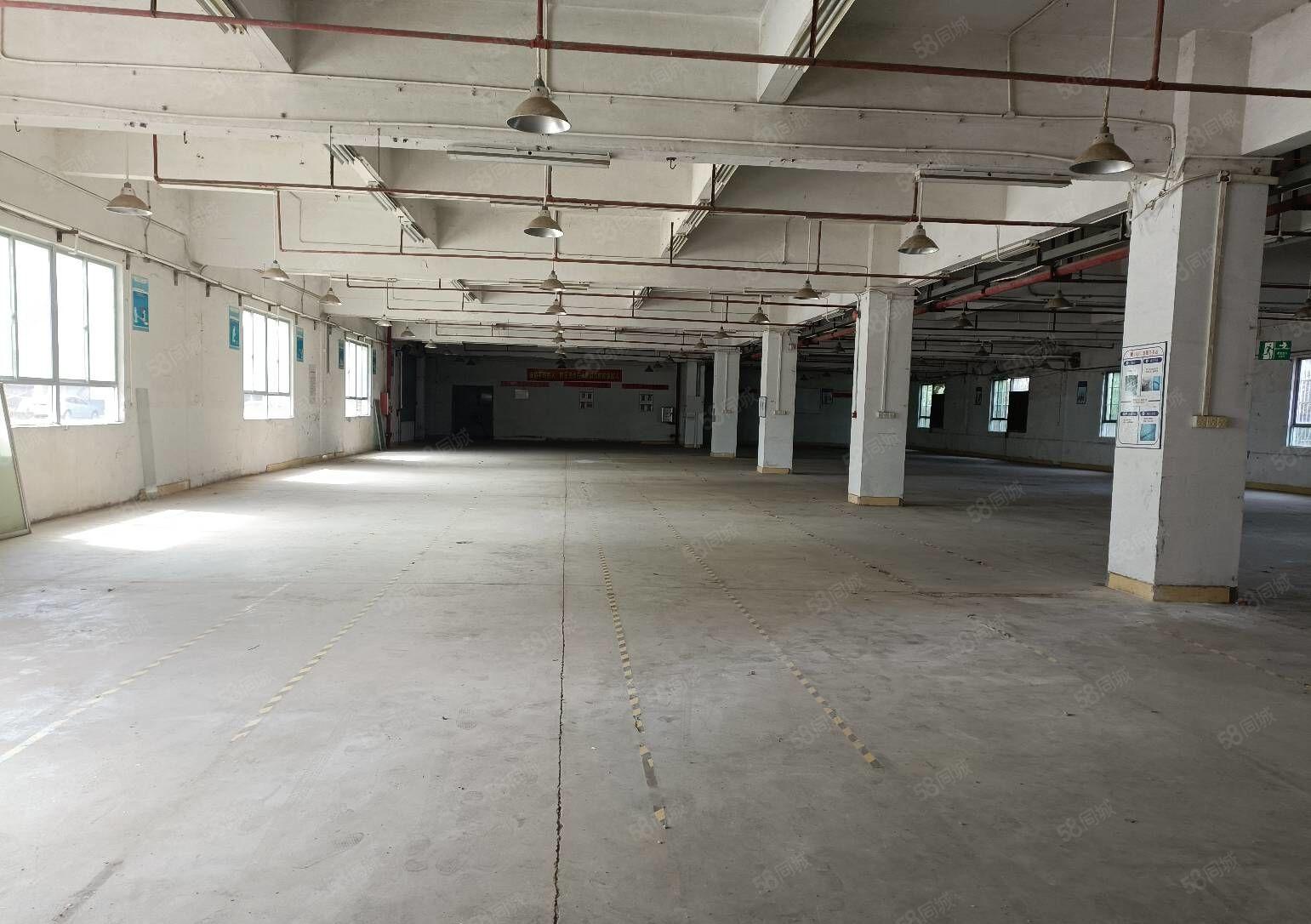 马安新乐花园式三层约5250平方红本带装修厂房招租可分租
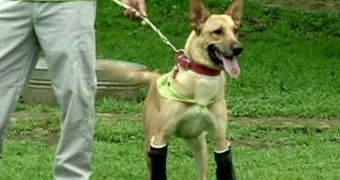 Dog mutilated by drug traffickers is doing better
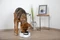Kerbl Intelligent Pet Bowl mit integrierter Waage, 1.8l, Display, weiß Vorschaubild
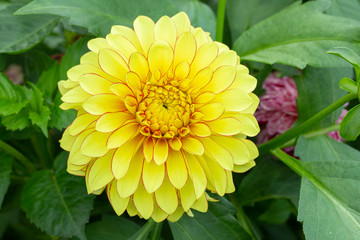 Flower yellow dahlia close-up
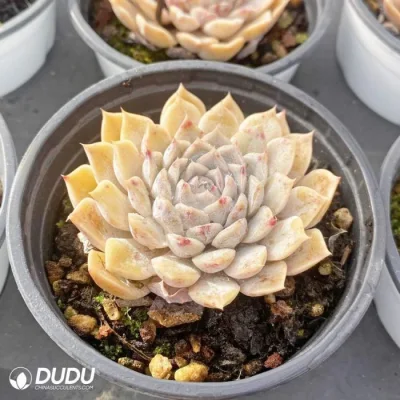 Vivero de la Fábrica Real de Dudu baratos Mary Bell plantas suculentas Echeveria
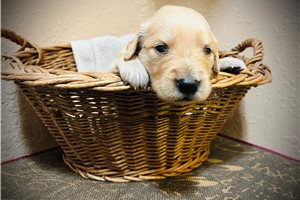 April - puppy for sale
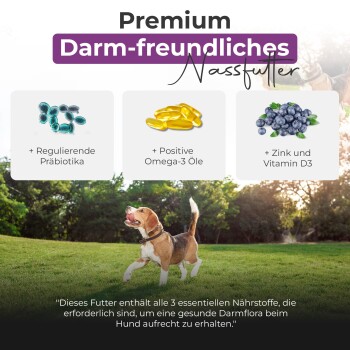Anzeige für Premium-Hundefutter mit einem verspielten Beagle im Freien, der gut verträgliche Zutaten wie Präbiotika und Omega-3-Öle zeigt.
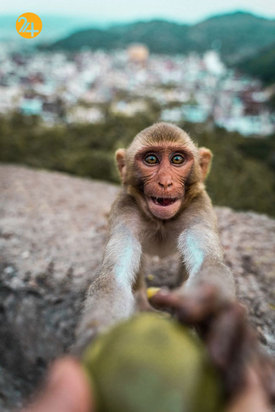 بهترین تصاویر از حیات وحش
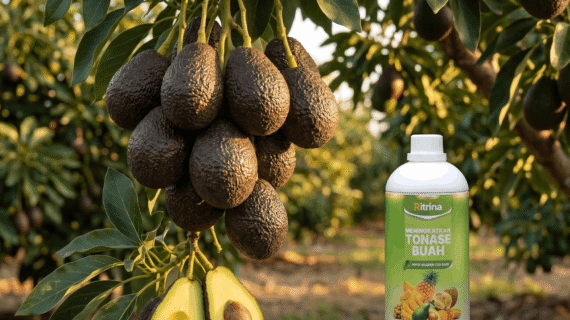 Ritrina Booster Buah Grade A Kaya Unsur Hara Mikro Esensial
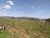 Prédio Inteiro, 36000 m² - Foto 1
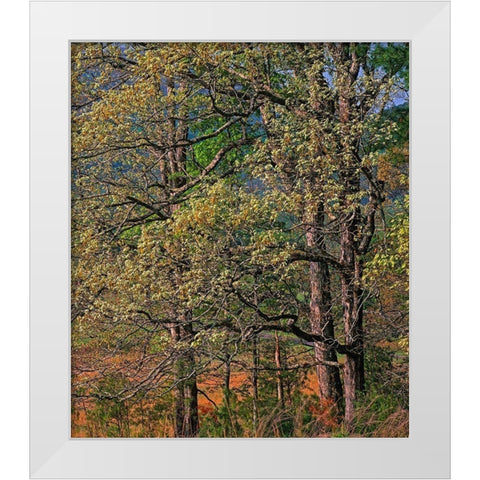 Cades Cove-Great Smoky Mountains National Park-Tennessee White Modern Wood Framed Art Print by Fitzharris, Tim
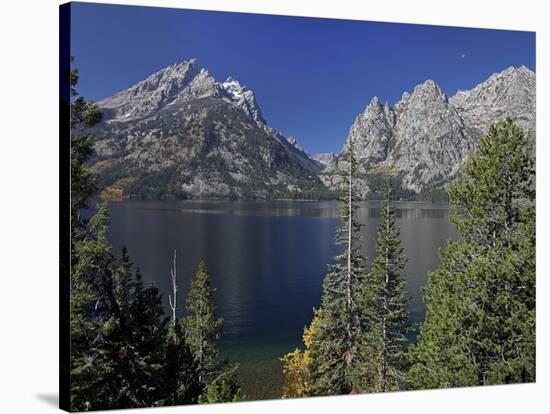 Tetons-J.D. Mcfarlan-Stretched Canvas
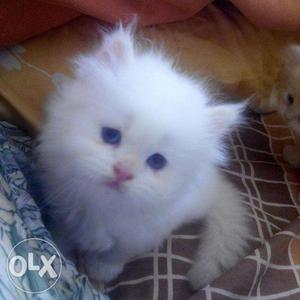 So cute pure persian kitten for sale in all cod avalible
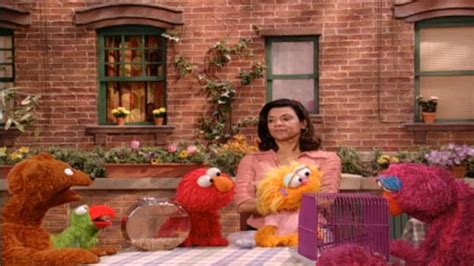Big Bird is pretending to be a tree and opens with a tree joke. Alan and some kids join him, and Alan sings " Let's Be Trees ." Muppets. Robert De Niro explains to Elmo what an actor is, and proceeds in imagining himself variously as a dog, cabbage, and a clone of Elmo. ( First: Episode 3978) Muppets. The Number of the Day: 8.. 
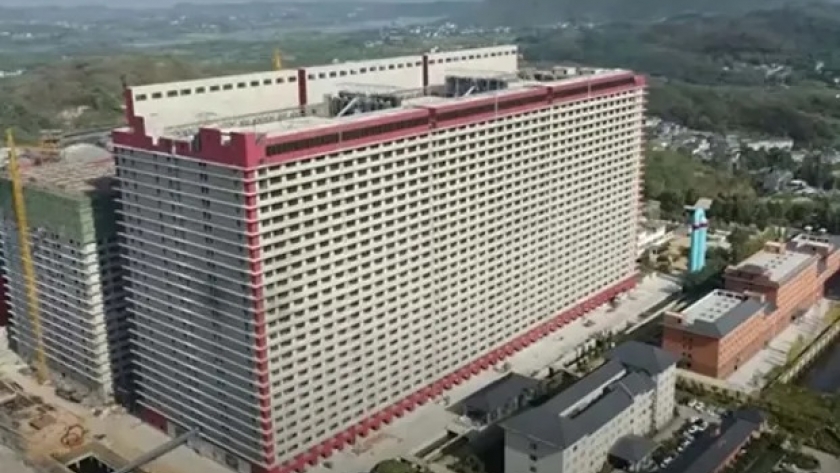 El impactante edificio de 26 pisos que construyeron para criar cerdos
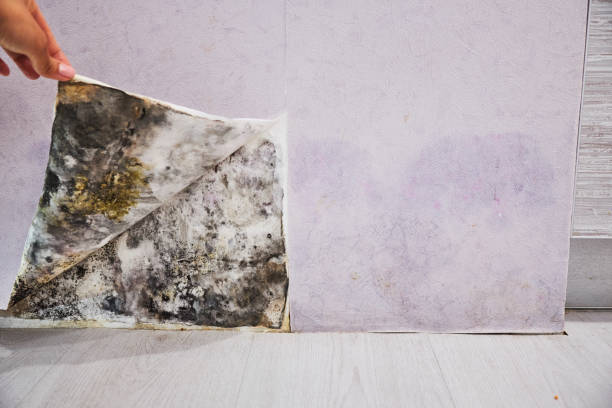 Best Emergency Mold Removal  in Juno Beach, FL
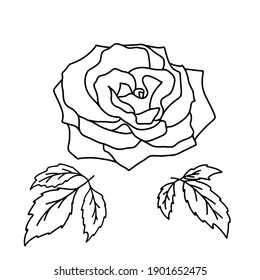 Conjunto vectorial de flor rosa floreciente y hojas aisladas en fondo blanco. Elementos decorativos de rosales dibujados a mano. Silhouettes florales. Elementos gráficos para cortar, imprimir, logotipo, monogramas. 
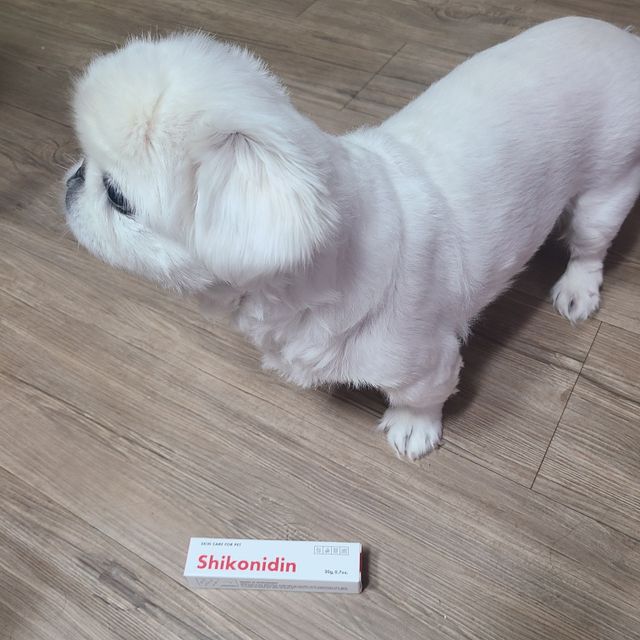 [자유펫] 시코니딘 고양이 강아지 피부 보습 연고 20g 리뷰 사진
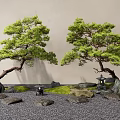Luo Han Pine Stone Landscape Stone Ting Step Courtyard Sketch 3d model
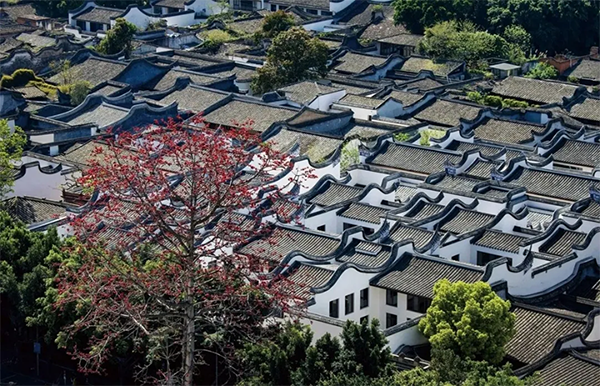 遇见世遗 | 古建筑的环境经营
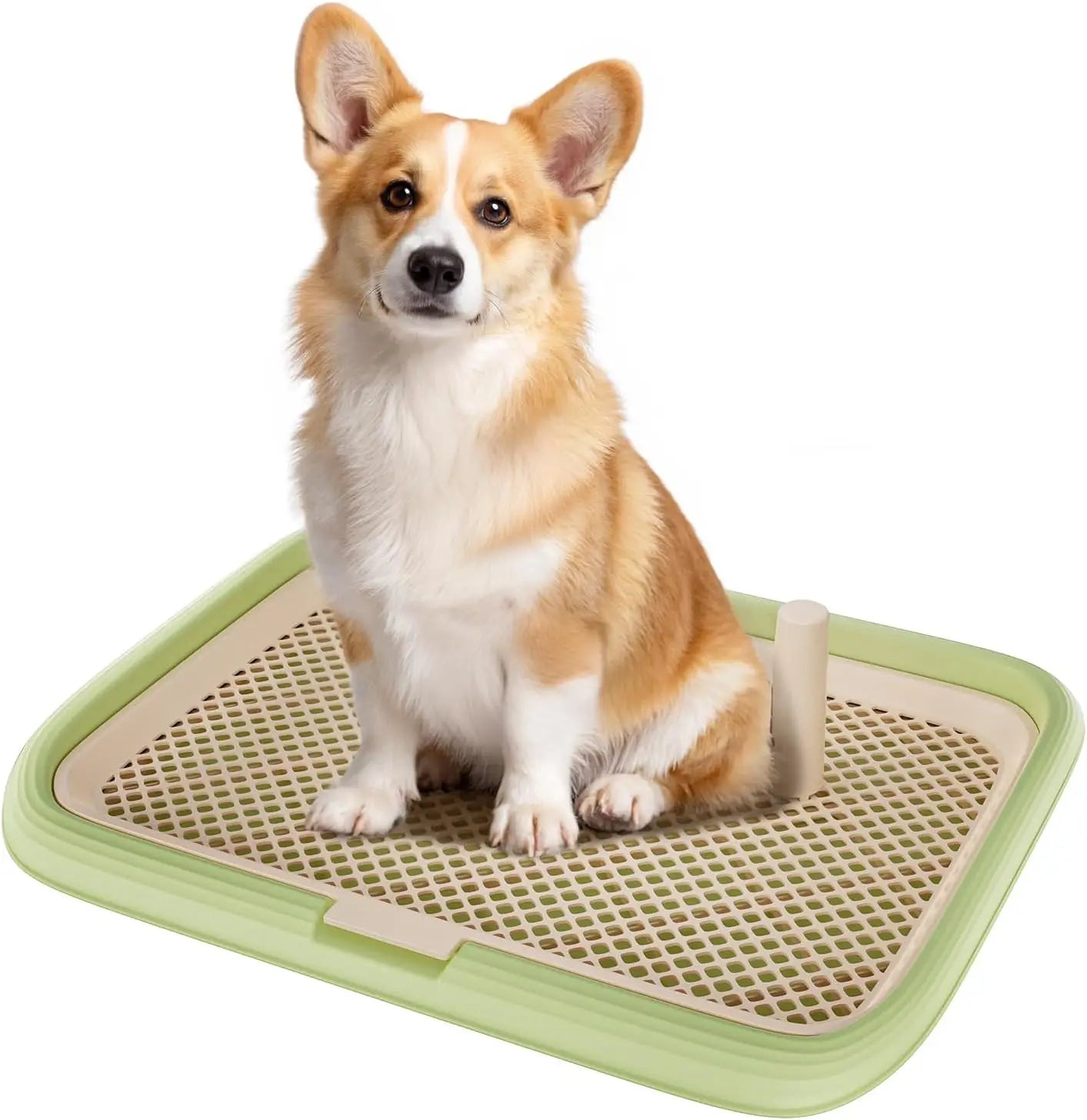 Dog Potty Tray, 23.6"x17.7" Indoor Pet Pee Pad Holder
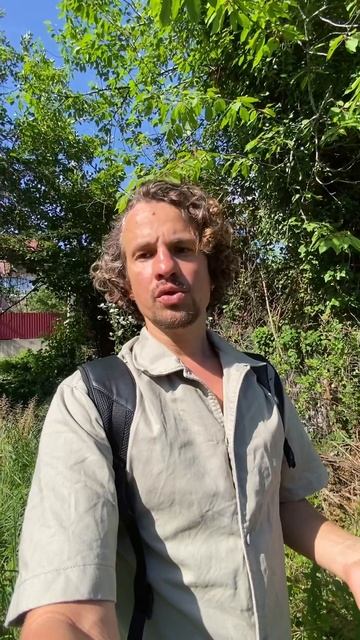УЧАСТОК НА ПЛАСТУНКЕ. СОЧИ. 6СОТ С ХОРОШИМ ПОДЪЕЗДОМ И РЕЛЬЕФОМ. ВИД НА ГОРЫ. ДО ЦЕНТРА СОЧИ 20МИН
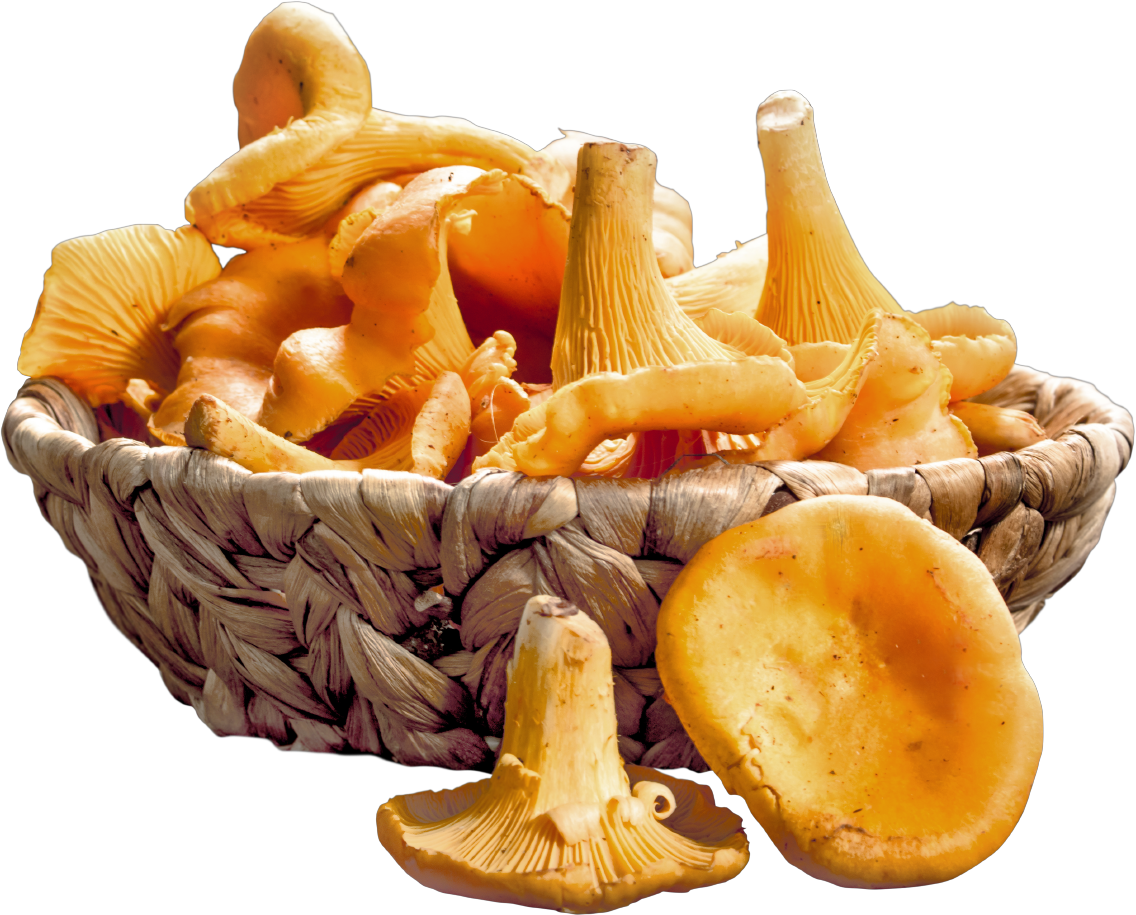 Pfifferlinge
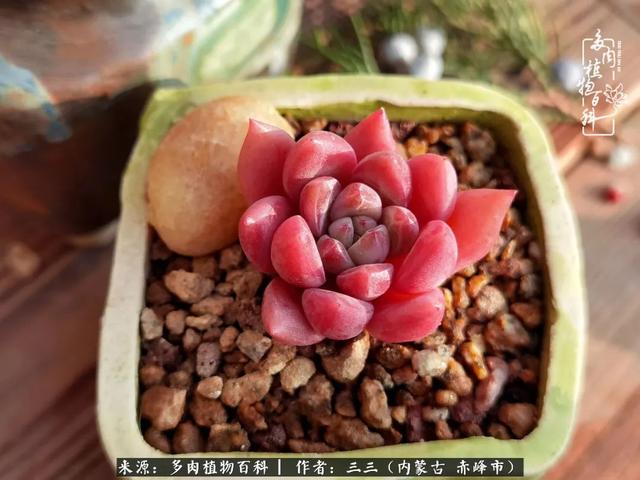 雪候鸟是什么意思，雪候鸟歌词表达什么意思（多肉于我从来不是锦上添花）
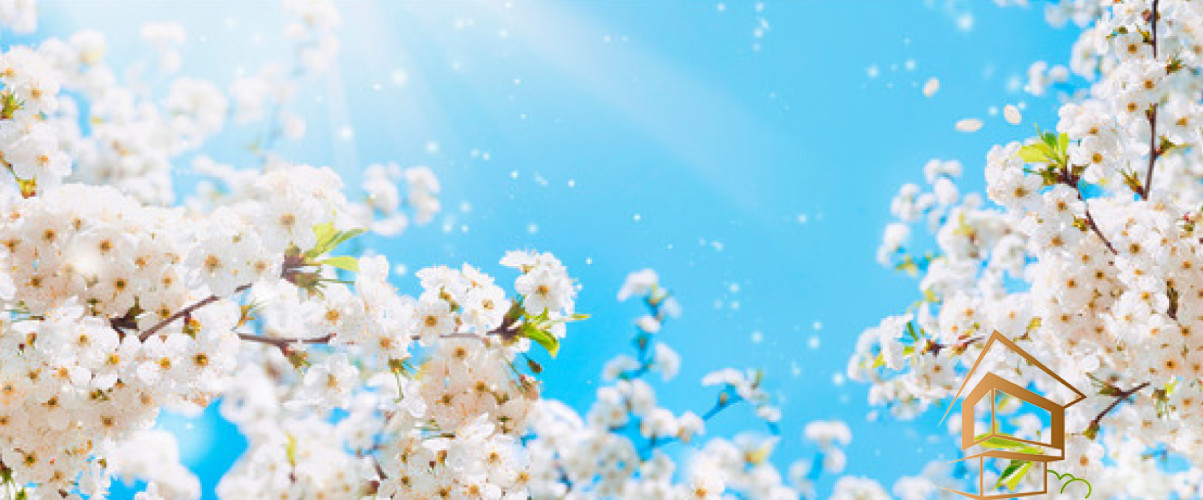 Натяжной потолок с фотопечатью Небо и объекты 139 - -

━━━━━━━━

== WORK INSTRUCTION ==
Retype each entry exactly. No pictures.

== TASK SOLUTION ==
 马安新乐花园式三层约5250平方红本带装修厂房招租可分租
 Dog mutilated by drug traffickers is doing better
Kerbl Intelligent Pet Bowl mit integrierter Waage, 1.8l, Display, weiß Vorschaubild
 Flower yellow dahlia close-up
 Vivero de la Fábrica Real de Dudu baratos Mary Bell plantas suculentas Echeveria
 April - puppy for sale
Anzeige für Premium-Hundefutter mit einem verspielten Beagle im Freien, der gut verträgliche Zutaten wie Präbiotika und Omega-3-Öle zeigt.
 بهترین تصاویر از حیات وحش
 Ritrina Booster Buah Grade A Kaya Unsur Hara Mikro Esensial
 Prédio Inteiro, 36000 m² - Foto 1
 Cades Cove-Great Smoky Mountains National Park-Tennessee White Modern Wood Framed Art Print by Fitzharris, Tim
 Tetons-J.D. Mcfarlan-Stretched Canvas
 So cute pure persian kitten for sale in all cod avalible
Big Bird is pretending to be a tree and opens with a tree joke. Alan and some kids join him, and Alan sings " Let's Be Trees ." Muppets. Robert De Niro explains to Elmo what an actor is, and proceeds in imagining himself variously as a dog, cabbage, and a clone of Elmo. ( First: Episode 3978) Muppets. The Number of the Day: 8.. 
 El impactante edificio de 26 pisos que construyeron para criar cerdos
 Best Emergency Mold Removal  in Juno Beach, FL
 Conjunto vectorial de flor rosa floreciente y hojas aisladas en fondo blanco. Elementos decorativos de rosales dibujados a mano. Silhouettes florales. Elementos gráficos para cortar, imprimir, logotipo, monogramas. 
 [자유펫] 시코니딘 고양이 강아지 피부 보습 연고 20g 리뷰 사진
Luo Han Pine Stone Landscape Stone Ting Step Courtyard Sketch 3d model
 遇见世遗 | 古建筑的环境经营
 Dog Potty Tray, 23.6"x17.7" Indoor Pet Pee Pad Holder
УЧАСТОК НА ПЛАСТУНКЕ. СОЧИ. 6СОТ С ХОРОШИМ ПОДЪЕЗДОМ И РЕЛЬЕФОМ. ВИД НА ГОРЫ. ДО ЦЕНТРА СОЧИ 20МИН
 Pfifferlinge
 雪候鸟是什么意思，雪候鸟歌词表达什么意思（多肉于我从来不是锦上添花）
 Натяжной потолок с фотопечатью Небо и объекты 139 - -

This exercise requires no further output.